When we realized our end was likely, we did a little research on the startup graveyard around us, in search of examples we wanted to emulate. Apart from Editorially, which ended when we were well into our project, we came up short. Ultimately, we created a running doc of examples of how we didn’t want to end. It looked a lot like this.

As with the features and launches that had come before, we set about designing an end that we hoped would be helpful for our readers. David put together a few principles to guide our work. They were something like this, if my memory serves me.

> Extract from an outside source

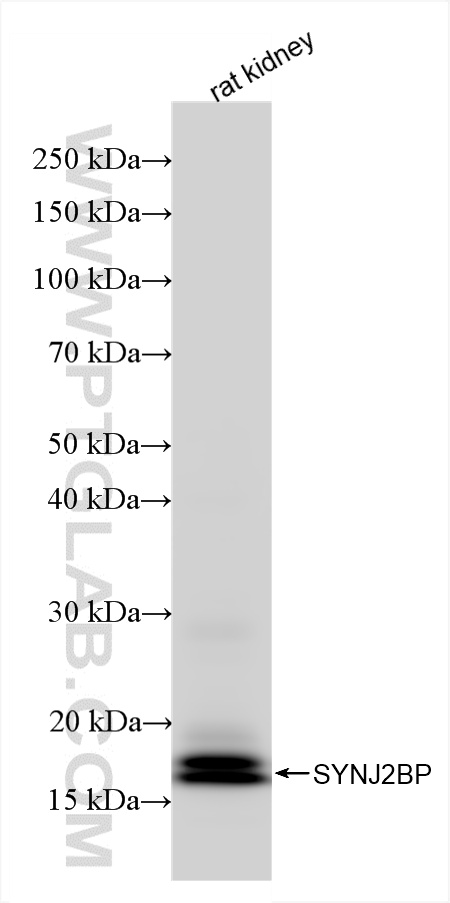 WB analysis of rat kidney using 85870-4-RR (same clone as 85870-4-PBS)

  1. Set a new standard for ending
  2. Return our readers’ data in the most useful formats possible
  3. Give our readers something of value, even as we end

Of course, there are things I might do better or differently, if we could go back and end again. But these principles guided us to an ending I’m very proud of. From the vantage point of then and now, I can say that our ending was successful, in terms of preserving our readers’ data, as well as their respect.

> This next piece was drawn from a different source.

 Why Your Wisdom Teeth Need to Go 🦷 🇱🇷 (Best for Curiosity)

The cover page from my Readmill reader story.

With our export tools, our goodbye page, and our reader stories, we focused on striking an appropriate, empathetic tone and being helpful. Even as we began our new jobs at Dropbox, we were still there on the other end, three months later, helping the last reader get her books and notes, so she could pick up where she left off somewhere else.

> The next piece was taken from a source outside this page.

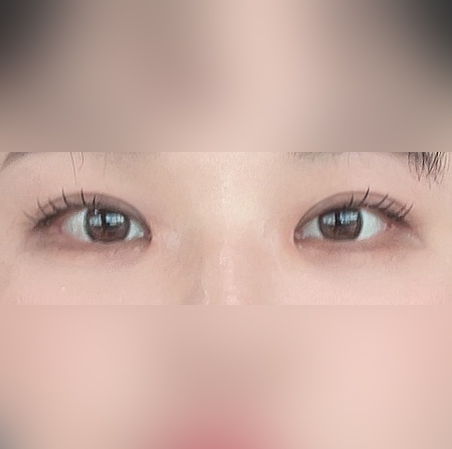 겹쌍꺼풀, 짝눈, 앞트임 고민 해결했어요!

In writing our goodbye, we also tried to avoid making promises we couldn’t keep. It’s a common mistake, from amidst the whirlwind of acquisitions, to promise that nothing will change, or that you’ll be able to control the outcome, months or years down the line.

We did make one little promise, though—or perhaps more of a wish: that we looked forward to meeting again, in new ways, in the margins.

Last week at Dropbox, we launched a slew of productivity tools, which help people write and work and make together. Over these past two years, the Readmill team put down roots in different corners of the company. We’ve worked together, and apart, and together again. Directly and indirectly, we’ve helped make this thing real.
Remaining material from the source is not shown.